Distributed data engine for Python/SQL designed for the cloud, powered by Rust
https://getdaft.io
Apache License 2.0
2.2k stars 147 forks source link

Provide ability to filter out invalid parquets or parquet metadata from glob path #3008

Open MisterKloudy opened 1 week ago

MisterKloudy commented 1 week ago

When there are malformed parquet files (such as invalid footer, invalid metadata) due to upstream writes which were interrupted or disrupted, the downstream jobs are all unable to run and any such problem is completely blocking.

For cases where the success of the remainder of the jobs are more important than the completeness of the data, this poses a big problem as the filtering out or deletion of malformed files plus consequent retriggering of the tasks can be tedious and manual.

It would be good if there can be the choice to either (1) end the job on such errors (status quo), or to (2) write out invalid paths into a separate small log file and continue with the job.

jaychia commented 6 days ago

This is really tricky... We need to balance user experience with not "failing silently"

What if we provided a way to pass in a list of filepaths, and run some kind of Daft expression to validate if each of those files were valid Parquet?
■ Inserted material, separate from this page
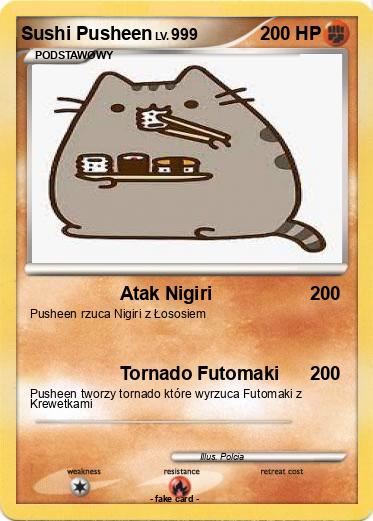 Pokemon Sushi Pusheen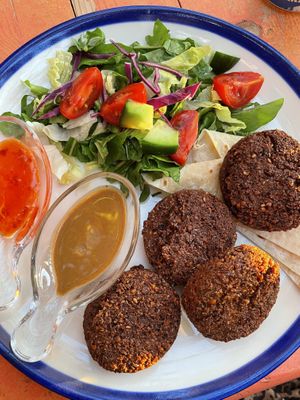 Falafel  at Dudu Mutfak in Kas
Users can then run these jobs as a mechanism to figure out which Parquet files are invalid in a given glob.

e.g.

df = df.from_glob_paths("s3://...")
df = df.where(~df["path"].is_parquet_file())
df.collect()

Then a user could potentially do cleanups by themselves if they have a job that is failing because some Parquet files are invalid/corrupted.

MisterKloudy commented 6 days ago

Yes I think that would be a great way to go about it! I wouldn't mind having to call an additional function.

I actually tend to use the /** directly in read_parquet though so I guess this needs to be able to do the filter before the read fails?

Or maybe a daft.validate_parquet() to keep it completely separate?

Also, failing silently wouldn't be the norm if we had to activate the functionality with another function or new parameter. It would be controlled failing with nice fallbacks! I definitely wouldn't want it to be the default behaviour for people who aren't looking for it.